Hmmm. Quem sabe? Em contraponto, noto que no dia 4 de junho Theresa May ofereceu a Donald Trump uma cópia da versão anotada por Churchill da Carta do Atlântico (Atlantic Charter). Este documento de intenções, que ainda hoje fazem boa leitura, foi emitido por Churchill e por Roosevelt a 14 de agosto de 1941. Durante uma conferência preparatória, serviços religiosos foram celebrados no convés do HMS Prince of Wales, ancorado então numa baía da Terra Nova. Eis a fotografia, tirada no domingo, dia 10 daquele agosto de 1941.

Tomando o mote de Vasco Pulido Valente, mas optando pelo tom interrogativo: seria hoje possível ver a primeira-ministra britânica e o Presidente dos Estados Unidos fotografados em tal circunstância? Refira-se um facto que dá uma dimensão trágica a esta verdadeira missa in tempore belli: no dia 10 de dezembro seguinte, o Prince of Wales seria torpedeado pela aviação japonesa nos mares da Malásia, arrastando para a morte mais de trezentos elementos da tripulação; o capitão Leach, comandante do navio, e o almirante Phillips, que capitaneava a esquadra inglesa naquela zona, incluíam-se entre as vítimas mortais. Assim, muitos dos homens que entoam hinos no convés daquele navio têm precisamente quatro meses de vida.

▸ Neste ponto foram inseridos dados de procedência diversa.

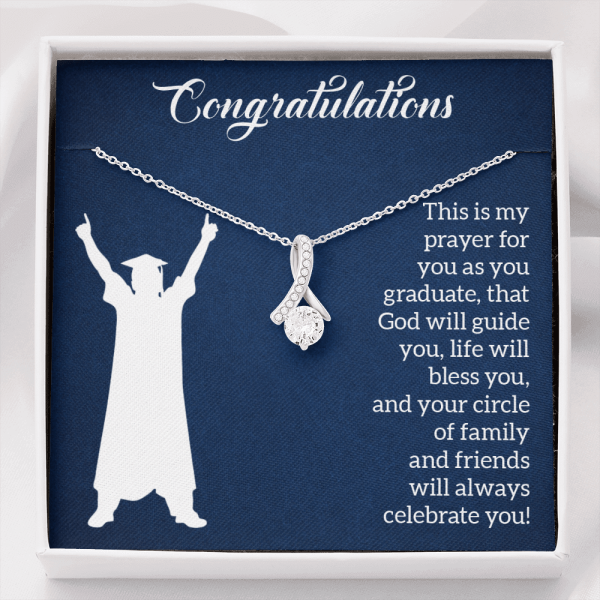 Alluring beauty gift college graduation gift this is my prayer for you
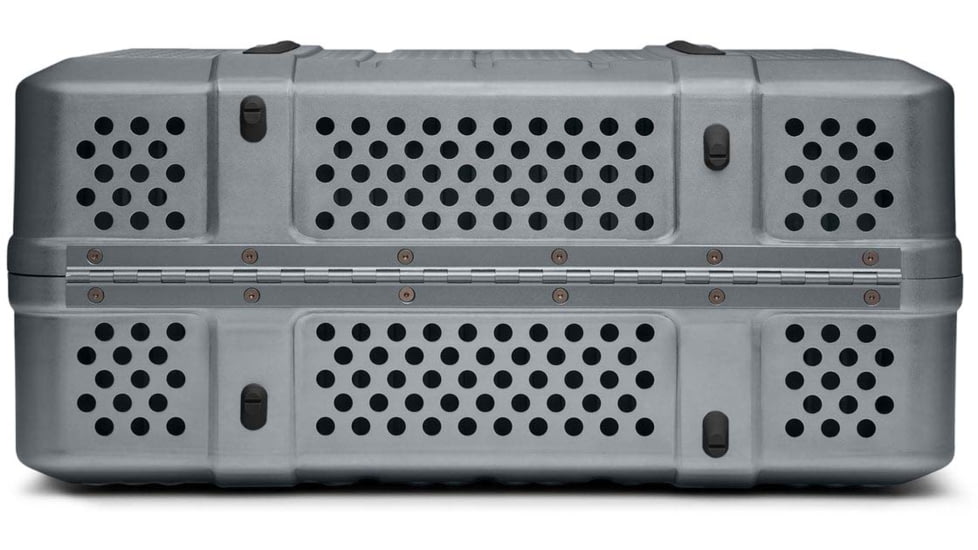 Nomad Grills Barbecue Grill And Smoker, Black, Medium, NG-2001-GG-BLK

A guerra é um assunto muito sério, facto que as populações europeias, embaladas por décadas de paz, parecem ter recalcado. Nesse particular, Teresa de Sousa tem razão: “Convém nunca esquecer a História”. Assim, comemore-se o D-Day, que abriu a “Segunda Frente”, irrealisticamente solicitada por Estaline aos anglo-americanos desde 1942. Mas recorde-se também a Operação Bagration, desencadeada cerca de duas semanas mais tarde, para alívio de Roosevelt e de Churchill, quando rugia a batalha da Normandia. Que as dissensões do presente não ofusquem a verdade histórica. A enormidade do que se passou há três quartos de século torna qualquer revisionismo de hoje mesquinho.